Full-time paramedic service may become EMS's future
Staff writer
Because of a shortage of Emergency Medical Technicians, Marion County Ambulance director Steve Smith said the county will eventually have to provide a full-time, paramedic-run ambulance service.
As a stopgap measure, Smith said he will propose to County Commissioners that they should hire another full-time Emergency Medical Services staff member, like Smith, who can fill in as an EMT.
Smith said the county is interested in keeping EMS because it is one of the few county functions that brings in revenue.
Smith said the county will delay the implementation of a professional service as long as it is feasible. The cost for 30 full-time EMTs, to operate three ambulances, would be over $973,000, Smith figured from a previous commission presentation.
The county would also have to build two ambulance hubs, which Smith estimated would cost $2.4 million each.
Currently the county spends $674,674 on its ambulance service.

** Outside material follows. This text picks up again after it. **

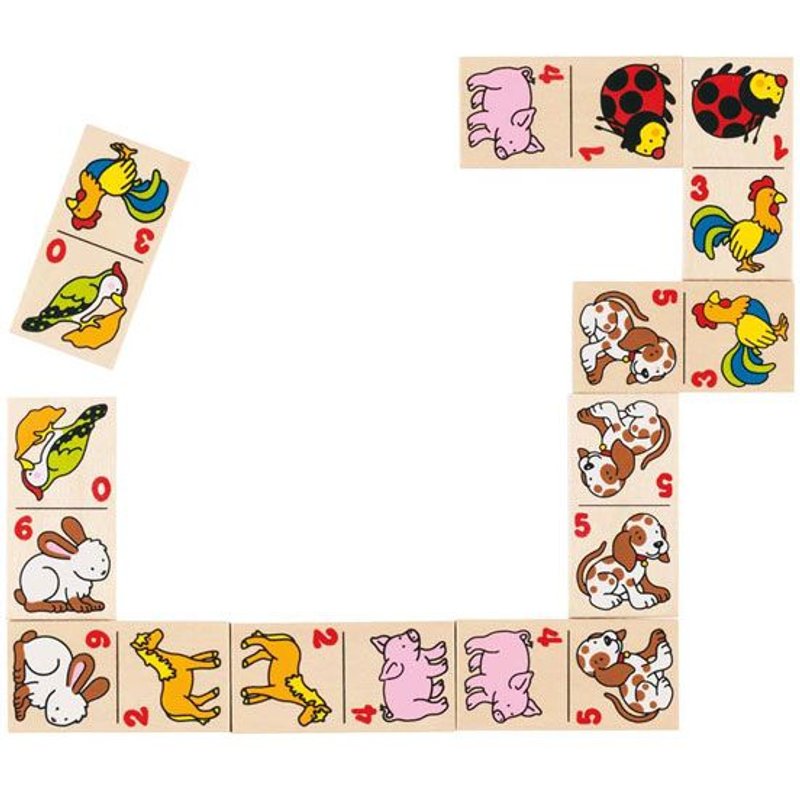 Jeu De Dominos Des Animaux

Smith said the ambulance service responded to 120 calls last month. They have already responded more than 700 calls this year and are on pace to respond to more than 1,000.
“A lot of full-time services are not doing 1,000 a year,” Smith said.

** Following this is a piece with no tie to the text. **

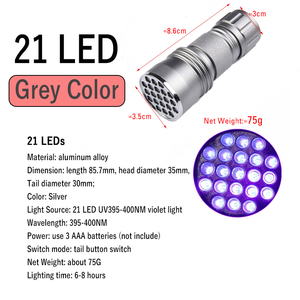 Lampe de pêche à UV pour la pêche, outil de fixation de la mouche, époxy, 9/21 led - Product Image 3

Smith commended the job of the volunteer EMTs currently working in Marion County. He cited multiple situations where volunteers slept on cots in fire stations while they were on call.

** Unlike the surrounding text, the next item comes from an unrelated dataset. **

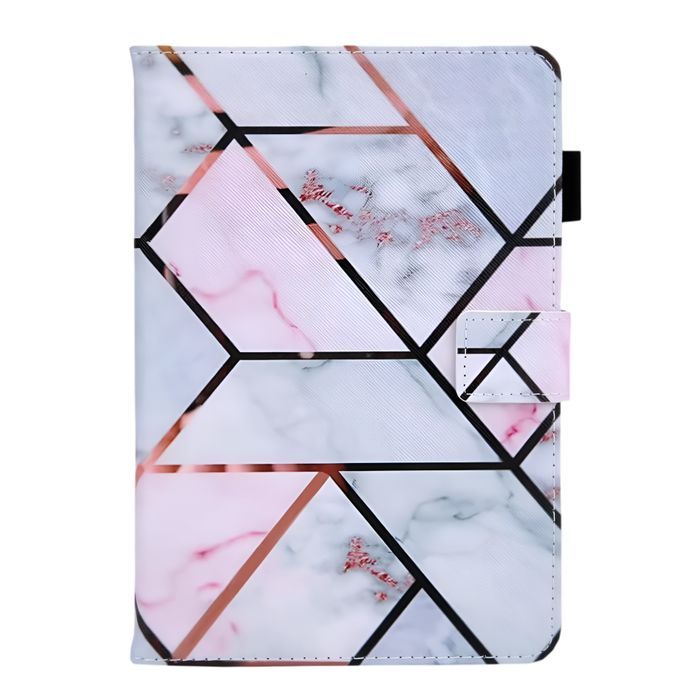 Etui do iPad Mini 6 (2021) 8,3" z Miejscem na Karty Różowo-białe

“For our volunteers it’s an incredible job,” Smith said. “That’s why it’s lasted so long.”
Marion, Hillsboro, and Peabody account for 80 percent of county calls. Marion has six people covering the call schedule. Peabody has nine but Smith wrote in the July newsletter, “only four crew members are constantly staffing the ambulance in order to make sure their community is covered.”
Hillsboro has 19 crewmembers. While they spread the workload more evenly, the Hillsboro ambulance service still has only a few volunteers to cover daytime shifts.
“We’re in a situation where volunteers are getting shorthanded. These people are getting older; they’re getting burnt out,” Smith said. “People have jobs out of town. It’s getting harder and harder to find these people.”
Smith has been an EMT for more than 20 years and he understands the pressure the job puts on the families of EMTs.
“I went through a divorce because I’m an EMT and I’m gone all the time,” Smith said.
Tampa crew chief Jesse Brunner said he serves more than 300 hours of call time a month.
“You have no private life for the most part,” Tampa ambulance crew chief Jesse Brunner said. “It’s a huge commitment by each and every one of us.”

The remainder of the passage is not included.